LAWS(ALL)-1993-12-60

SMT. VEDWATI Vs. RAJVIR

Decided On December 01, 1993
Smt. Vedwati Appellant
V/S
Rajvir Respondents

JUDGEMENT

(1.) This is defendants second appeal against the judgement and decree dated 29-11-1990 passed by Sri Yuvraj Singh Ken, Additional Commissioner, Moradabad Division, Moradabad in appeal No, 56 of 1989-90 arising out of the judgement and decree dated 30-4-1990 passed by Sri Ravindra Nath Tewari, S. D.O. Wajibabad, district Bijnor in a suit under Sec. 229-B of the U. P Zamindari Abolition and Land Reforms Act.

(2.) The facts of the case are that Rajvir Singh filed a declaratory suit under Sec. 229-B of the Act against Smt. Vedwati (hereinafter referred to as the appellant) setting forth his case that he was entitled to 1/2 share with transferable rights in plot No. 28/17-0-8 situate in village Harnathpur. Pergana and Tehsil Najibacad. This land was recorded in the name of Sukhram son of Nattha and Balram s/o Juhara, in the year 1388-92F. The allegation goes on that Sukhram executed a will in respect of his share in favour of the plaintiff Rajvir Singh in the face of an objection made by Jhabrey s/o Nattha Jhabrey subsequently accepted the will through a compromise as a consequence of this, an order was passed for expunging the name of the deceased Sukhram and recording the name of the plaintiff. But the name of Jhabrey was not expunged. Jhabrey executed a sale deed of his share in favour of the defendant Smt. Vedwati, wife of Balram. This gave rise to cause of action and filing of the suit for declaration of the plaintiffs co-tenancy along with the defendant No 2 Manoj Kumar. Smt. Vedwati contested the suit and filed written statement on 23-1-1989 pleading that the suit was barred by the principle of res judicata because no suit was filed in the lifetime of Jhabrey and that she was in possession over the land in dispute on the strength of a registered sale deed executed by Jhabrey. On the pleadings of the parties, the learned trial court framed 8 issues and decreed the suit. Aggrieved by this order, the defendant Smt Vedwati went in appeal before the Divisional Commissioner. The learned Additional Commissioner dismissed the appeal on 29-11-1990. Hence this second appeal.
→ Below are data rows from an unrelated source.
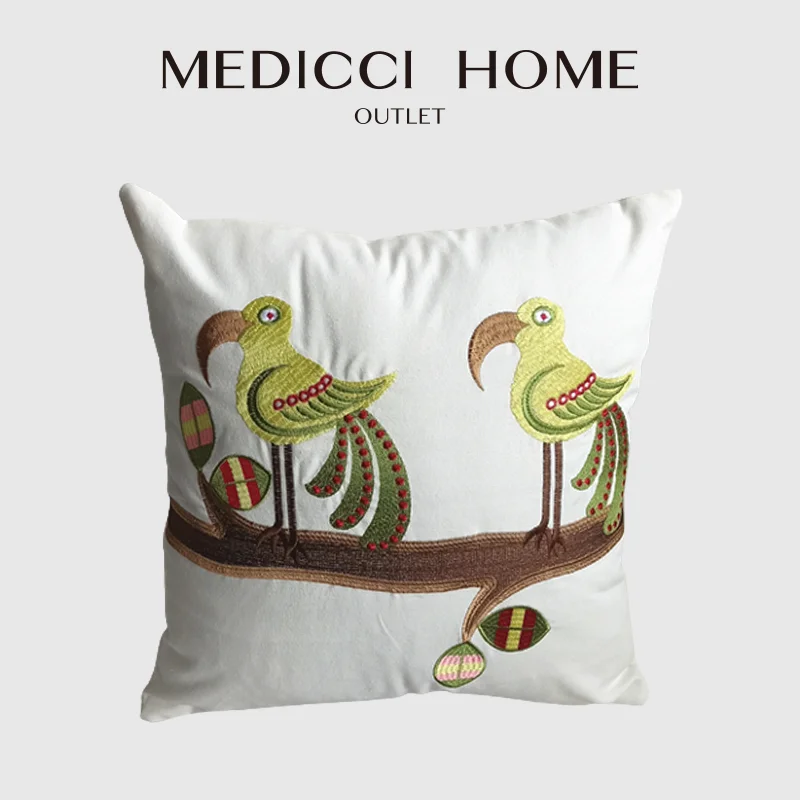 Medicci Home Tribe Ethnic Style Cushion Cover Tropical Bird Toucan Embroidery Natural Cotton Linen Square Pillow Cases 45x45cm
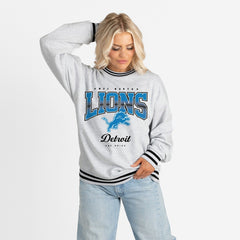 Detroit Lions Gameday Couture Women's Oversized Gridiron Drive Ringer Stripe Sweatshirt - Ash/Black online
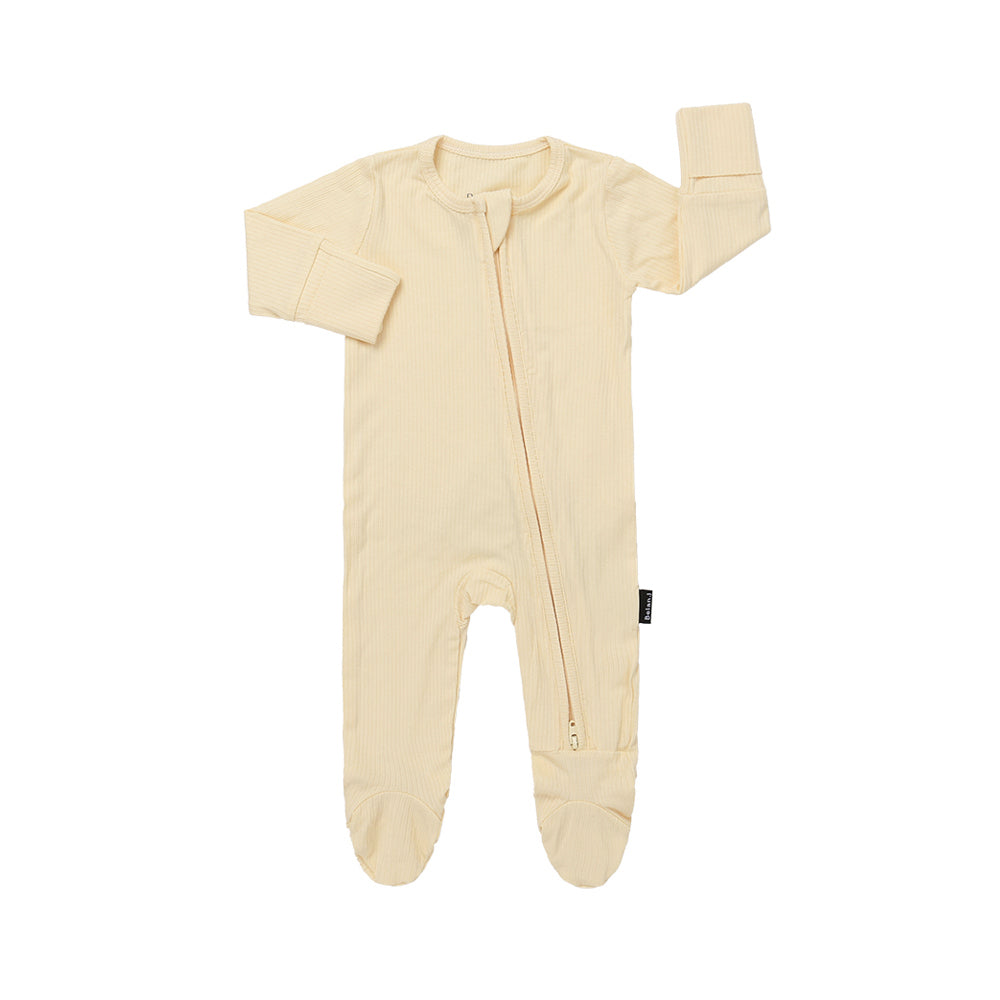 Ribbed Bamboo Footed Zipper Sleeper- Vanilla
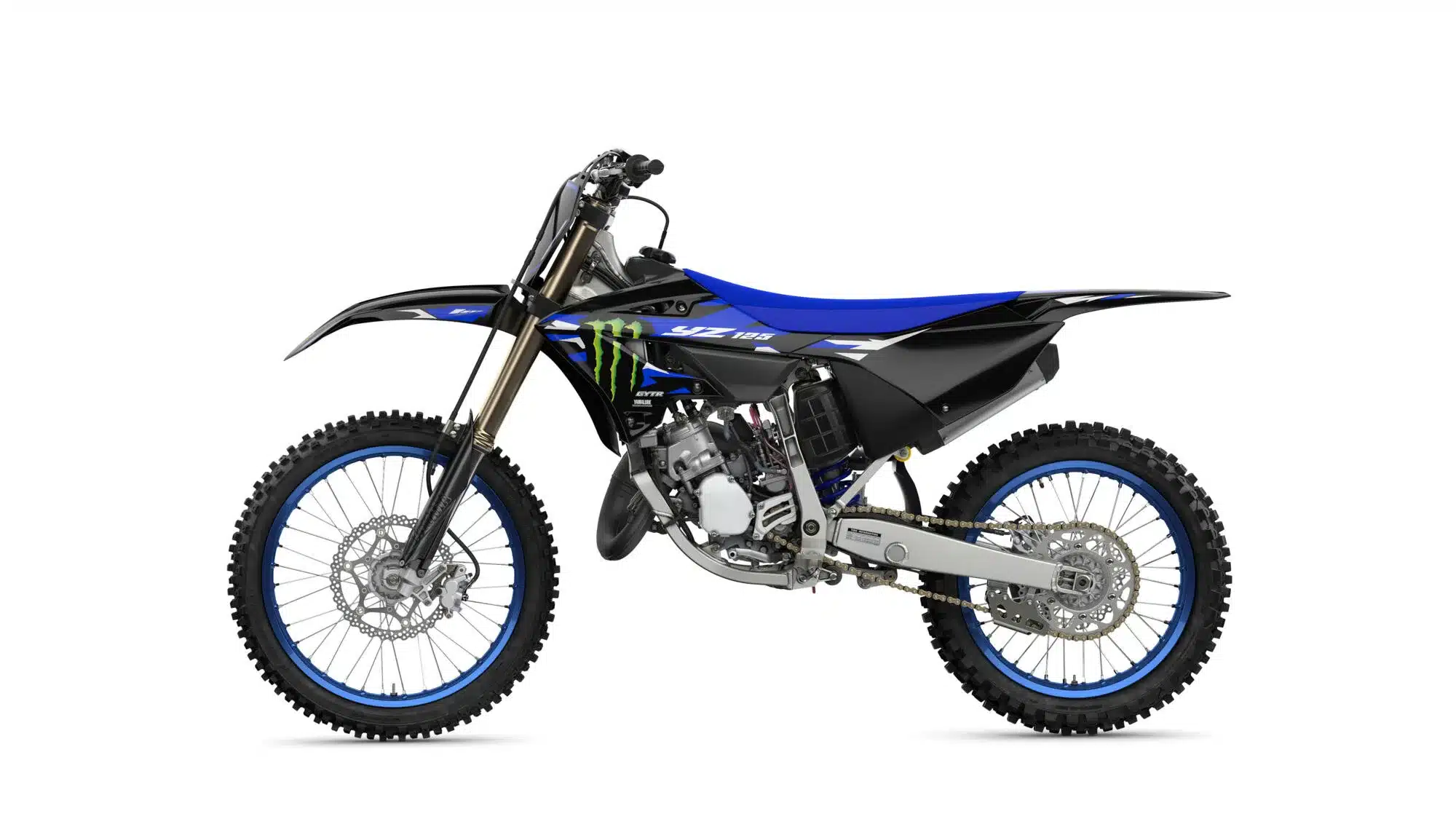 Yamaha YZ125 Monster Energy Yamaha Racing Edition in Seitenansicht, schwarze Karosserie mit blauen Akzenten und Monster Energy Grafik, auf weißem Hintergrund.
(3.) I have heard the learned counsel for the parties. Sri D. V. Jaiswal, learned counsel for the appellant has made four submissions. His first submission is that the plaintiff did not file any will and the suit was liable to be dismissed in the absence of the will. His second submission is that the can sent in the mutation case which is summary in nature, is not binding on the defendant. Reliance has been placed on 1979 RD 152 : 1984 RR 378 : 1982 RR Vol I 82 : 1976 RD Vol. II 185 and 183 WC 284. His third submission is that the suit was not maintainable because no application for appointment of guardian under Order XXXII was made. His last submission is that the suit is barred by Sec. 34 Specific Relief Act because the suit has been for declaration but there is no prayer for possession. The trial court has held that the plaintiff is in possession. The finding has not been upset by the learned Additional Commissioner. Reliance has been placed on 1972 RD 25 J (SC). Sri S. N. Singh, learned counsel for the respondent makes five submission. His first submission is that there is no question of taking possession because Jhabrey was recorded as co-tenant and the possession of one co-tenant is the possession of all. His second submission is that Jhabrey had no right to execute a sale deed. His third submission is that the compromise was moved by the appellant. At that time, the will was not disputed and so there is no question of any proof. According to Sri Singh, if the admission is on fact in mutation proceedings in respect of title, the admission will be binding. Reliance has been placed on 1979 AWC 299 and 302. His fourth submission is that it was not at all necessary for the appointment of guardian of Manoj because Smt. Vedwati was his natural guardian, and no relief was sought against Manoj. His last submission is that the concurrent findings given by the courts below are not to be disturbed in this second appeal.